» **Task item**
The required output is the stretch from the line containing "Abeille : Le retour du frelon asiatique" through the line containing "Message Printz® - Anthurium plant" in the records below, unaltered and with no pictures.

» **Material provided**
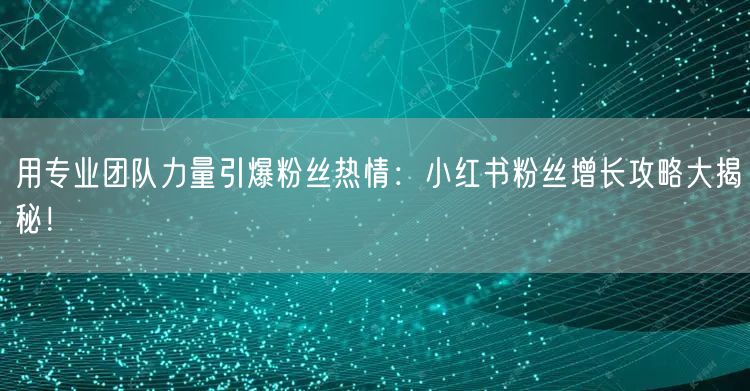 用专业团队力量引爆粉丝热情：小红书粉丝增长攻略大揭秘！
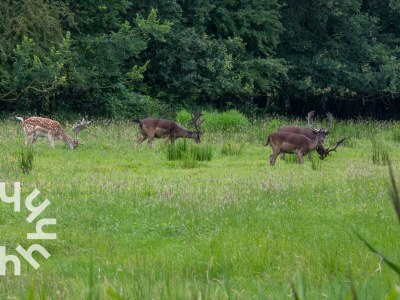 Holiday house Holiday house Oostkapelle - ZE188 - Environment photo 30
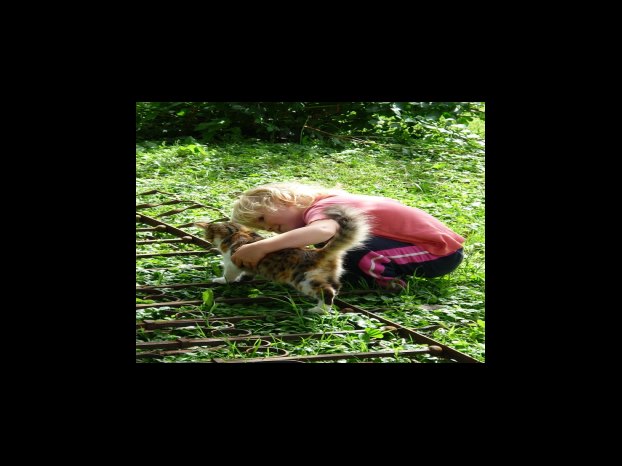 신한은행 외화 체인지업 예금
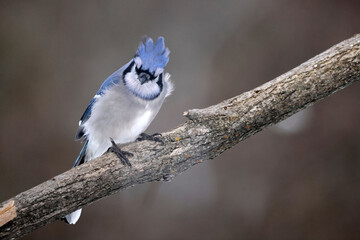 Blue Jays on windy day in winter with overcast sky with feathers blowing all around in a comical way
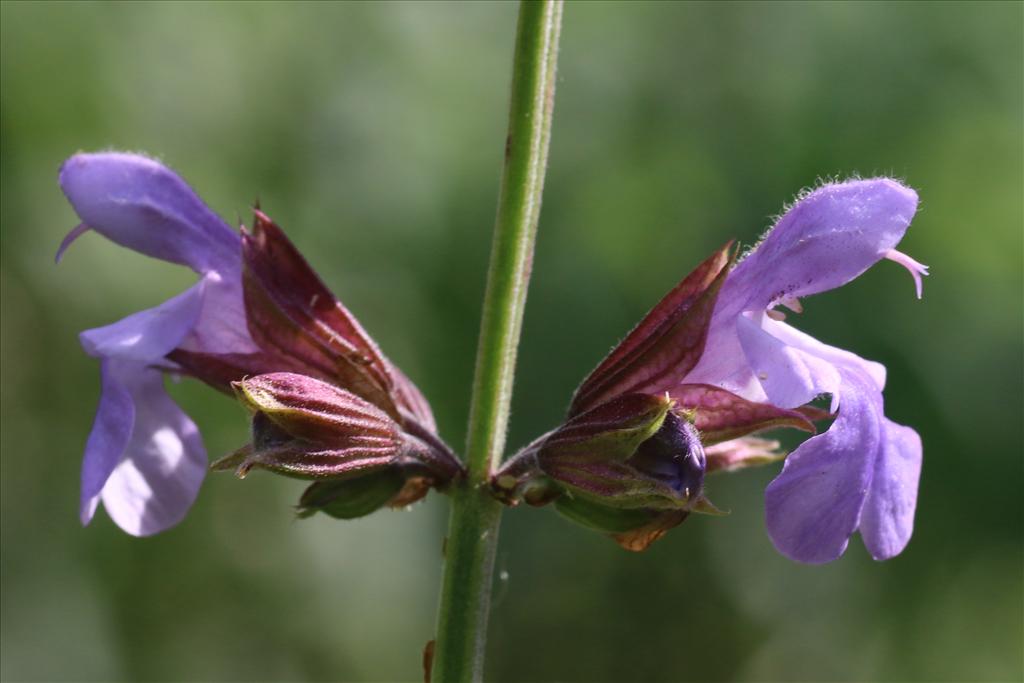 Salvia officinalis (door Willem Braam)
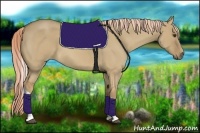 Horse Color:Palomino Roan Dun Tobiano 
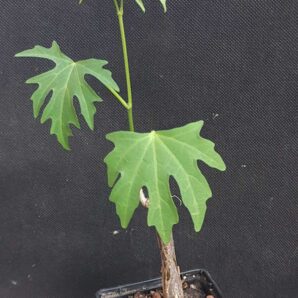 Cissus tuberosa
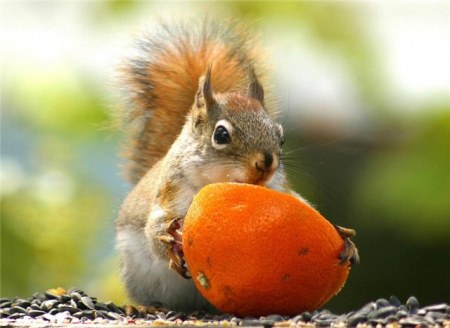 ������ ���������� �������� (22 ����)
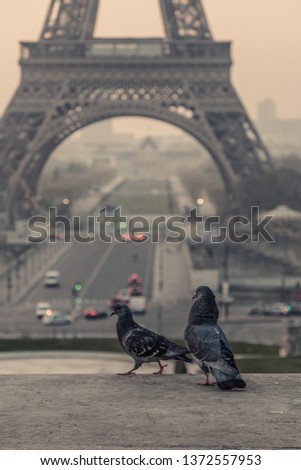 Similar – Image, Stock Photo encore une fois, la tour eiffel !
---
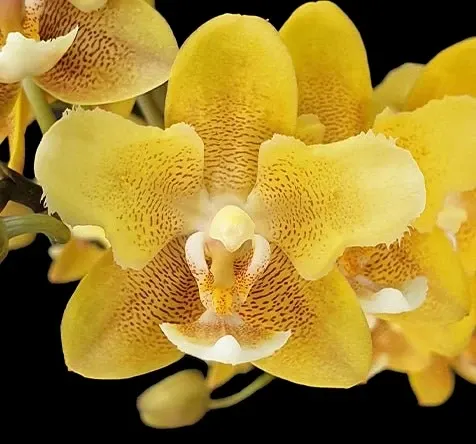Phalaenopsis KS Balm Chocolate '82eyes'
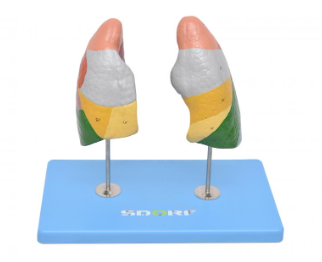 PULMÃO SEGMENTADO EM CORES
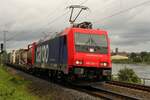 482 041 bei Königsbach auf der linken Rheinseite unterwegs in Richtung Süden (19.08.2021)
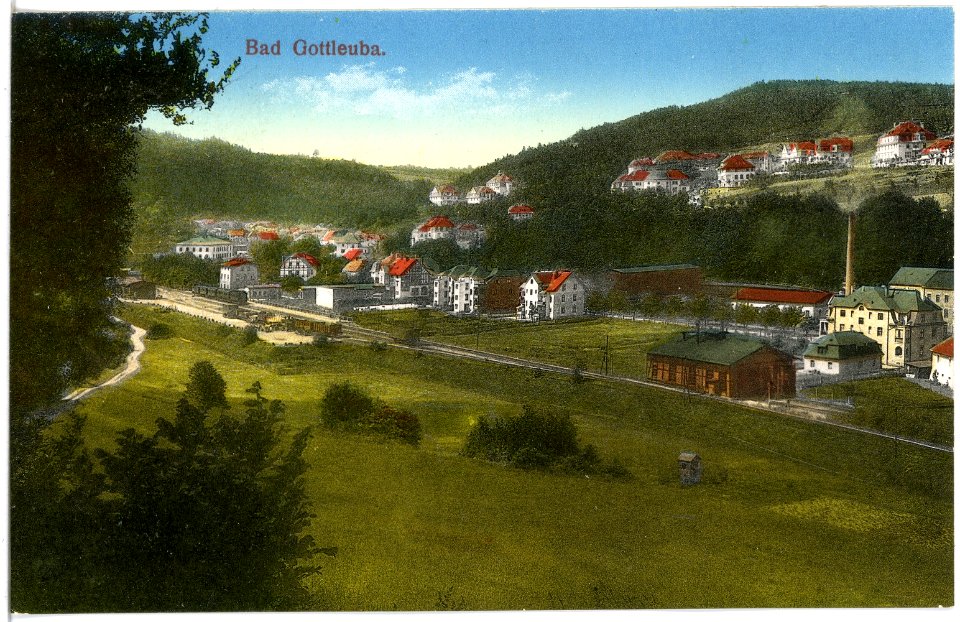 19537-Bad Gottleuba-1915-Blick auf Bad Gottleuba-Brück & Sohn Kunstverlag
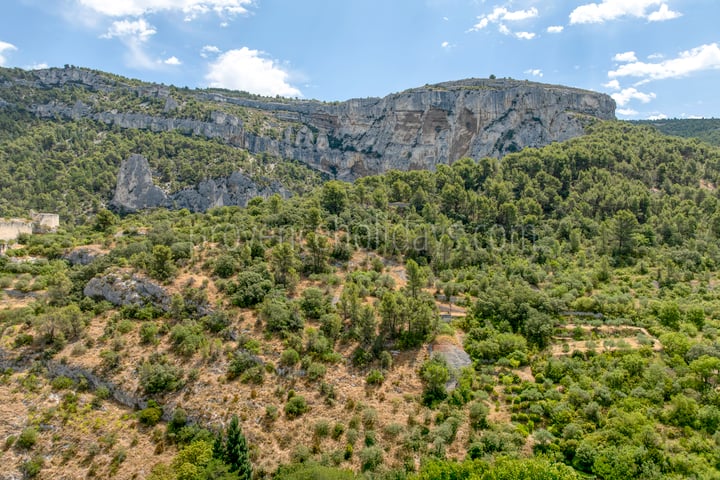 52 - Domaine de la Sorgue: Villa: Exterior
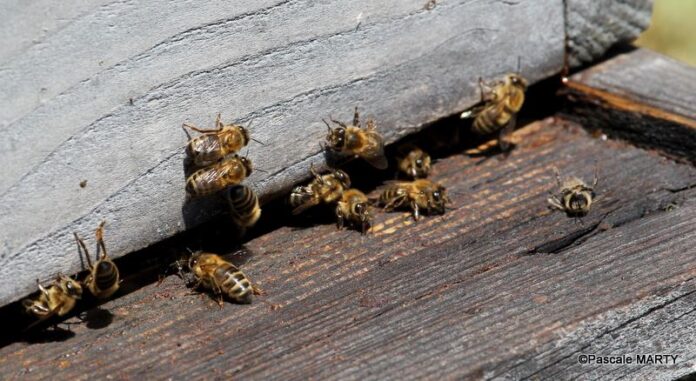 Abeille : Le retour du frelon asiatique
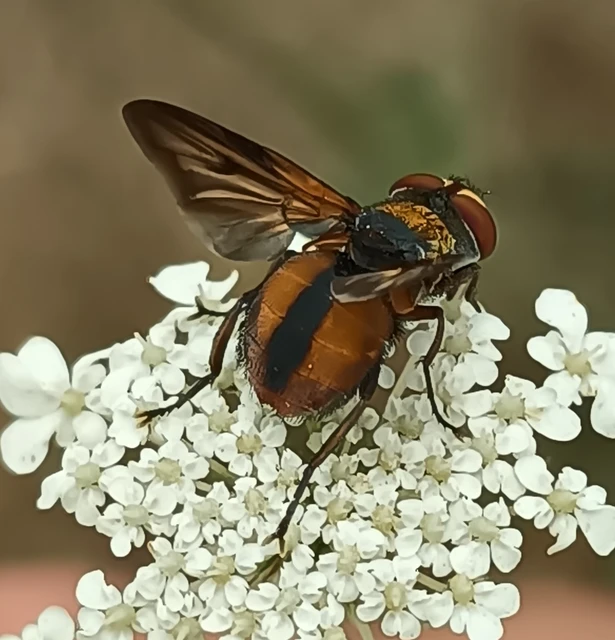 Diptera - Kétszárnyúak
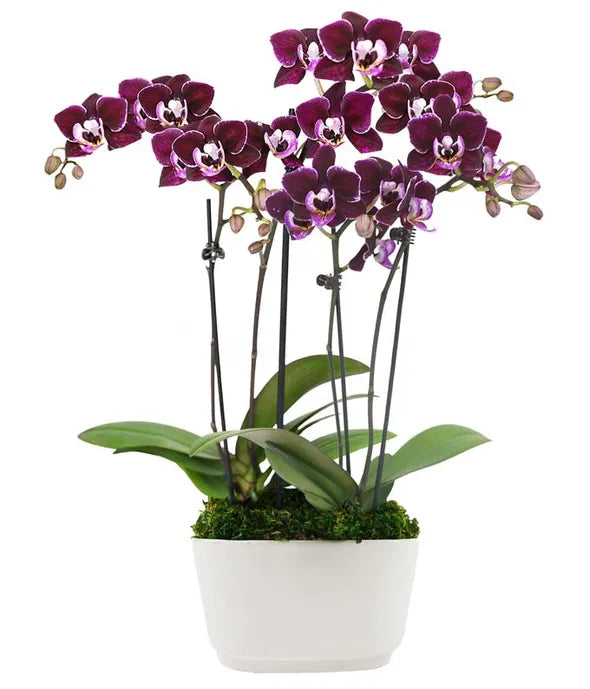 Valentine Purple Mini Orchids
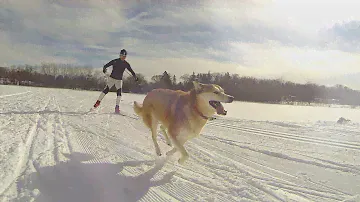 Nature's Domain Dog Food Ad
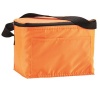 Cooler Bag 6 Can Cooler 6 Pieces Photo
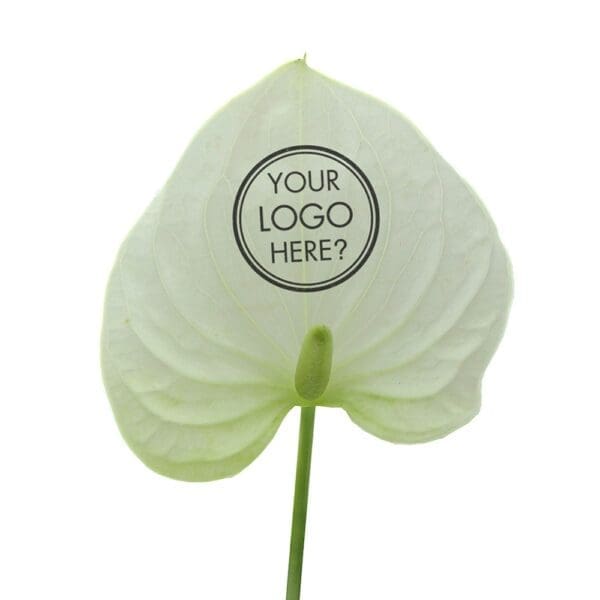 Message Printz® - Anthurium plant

» **Response to this task**
 Abeille : Le retour du frelon asiatique
 Diptera - Kétszárnyúak
 Valentine Purple Mini Orchids
 Nature's Domain Dog Food Ad
 Cooler Bag 6 Can Cooler 6 Pieces Photo
 Message Printz® - Anthurium plant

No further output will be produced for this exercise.